Your focus on a single application and user will lead you to make different design choices than would be made in a more general purpose system. Factors to consider (and quantify) may include instruction mix, memory size, memory access pattern, bandwidth requirements, and throughput requirements.
Some possible application areas include:
The end result of your project will be one team-written report of 5-10 pages. Please do not use abbreviations or mnemonics for signals, instructions, registers, etc. As Fred Brooks* once said, "By the time I read seven projects I no longer know even what my own initials stand for." Keep a copy for yourself, and turn in a hardcopy at the final class on May 16th. Projects will not be accepted late, and are not eligible for either the 20% week-late penalty or the free late. Each team member must also send a separate short private email to me describing the accomplishments and contribution of each team member ("I did this, wrote this, they did this, wrote this, etc.").
The report should include the following sections:
Application overview and a short (1 paragraph) summary of your design
Include all properties usable in specializing your computer system. If you include performance metrics, you should also indicate whether they are estimated, based on external benchmarks, or measured. Some information in this section may be best presented in tables or graphs.
You should spend the most time and space on the application-specific portions. You should still address the normal aspects of the design, but can spend less time on those. You should also address how your design fits into the next level of the system — how it communicates with the world beyond.
For example, if you create a system-level design whose main feature is set of parallel general purpose CPUs arranged in an interesting way, you should spend most of your time describing that aspect of the design. However, you should still provide a concrete block diagram of the entire system including details like the estimated bandwidths between components and communication with the outside world, but not necessarily spending a lot of space explaining a relatively typical memory system.
As another example, if you are developing an instruction set architecture for a special-purpose embedded processor, you should spend the majority of your effort explaining any special purpose instructions, addressing modes, or other unusual features you have decided to include. You should still consider the other classes of instructions in your design and mention them in your report, but you need not spend pages explaining your ADD or SUBTRACT instruction if there is nothing unusual about them.

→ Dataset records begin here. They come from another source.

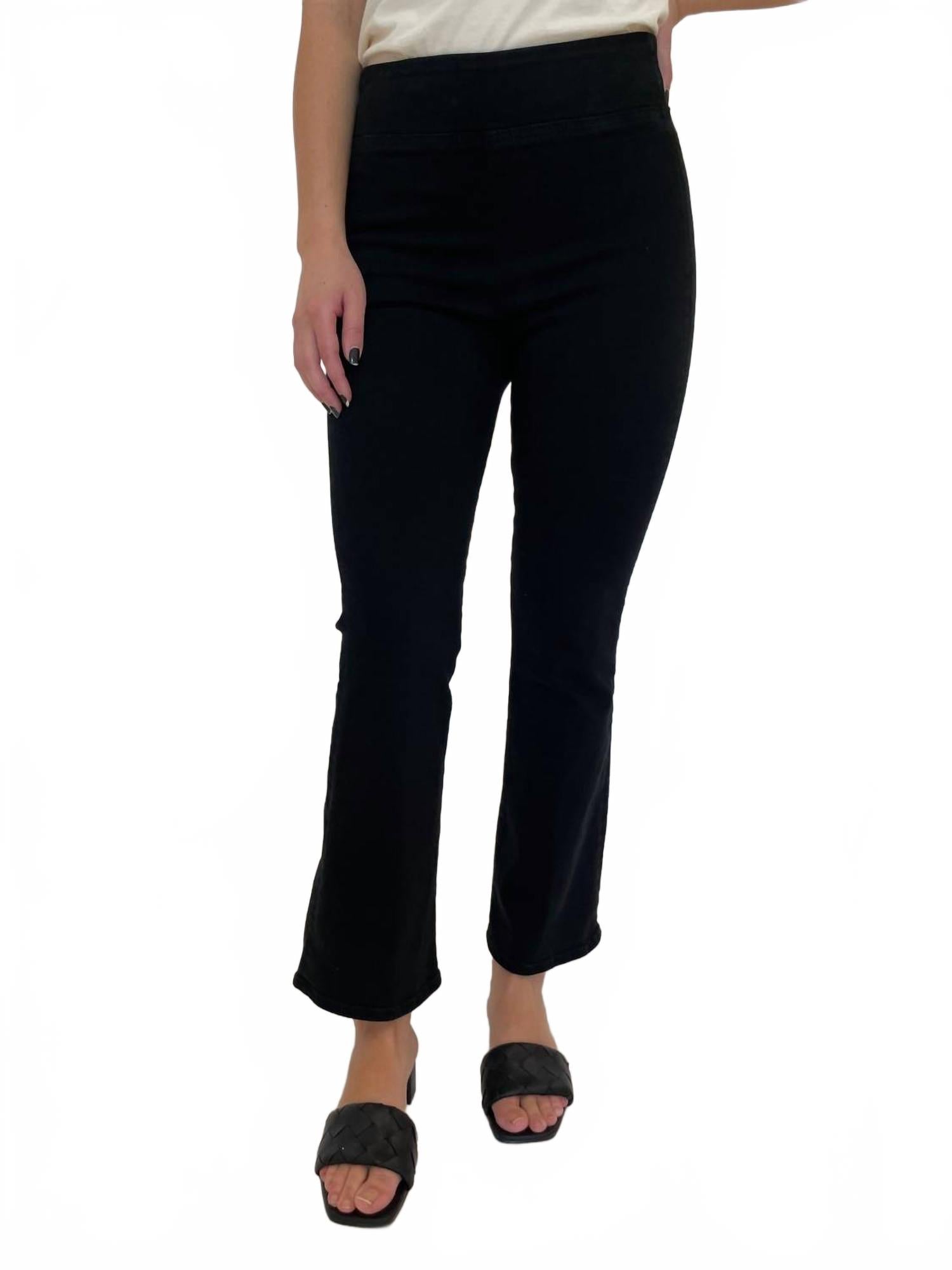 

Джинсы Jetset Crop Mini Boot с эффектом глянца в цвете Shno Noir FRAME, Sheen Noir Shno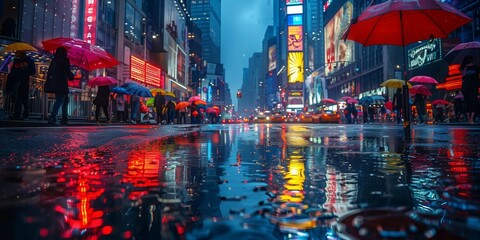 Fototapeta premium Rainy Night Rush in the City, generative ai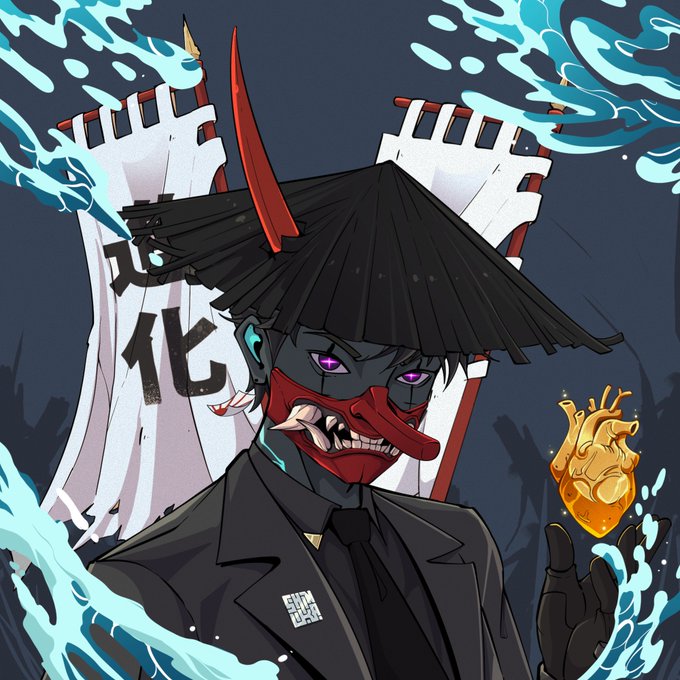 An anime-style illustration depicts a menacing figure with a red oni mask, purple eyes, and a black hat, holding a golden heart with banners bearing Japanese characters in the background.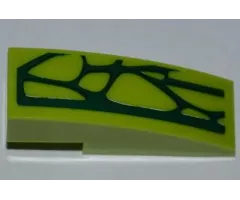 Slope, Curved 3 x 1 with 7 Lime Scales Pattern Model Right Side (Sticker) - Set 9558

You should, however, be sure to describe what means of I/O or synchronization are provided for to allow your embedded processor to work within the larger system.
As a final example, if you are creating a VHDL-level design for one or several interesting functional blocks, you should describe those in detail including their inputs, outputs, timing constraints, etc. You should also include a sketch of how your functional blocks fit within the complete ASIC but need not create VHDL for an entire CPU.
Relevant measures may vary with application and design, but you should provide a concrete and analytical analysis of your expected performance or speedup.
How do you think it turned out? How well did it meet the goals? What other approaches would you consider if you had it to do over again?
* Fred Brooks was the IBM System/360 project manager, author of The Mythical Man-Month (which you should read if you have not already!), and founder of the UNC department of computer science. His advanced architecture class project was also the inspiration for this project.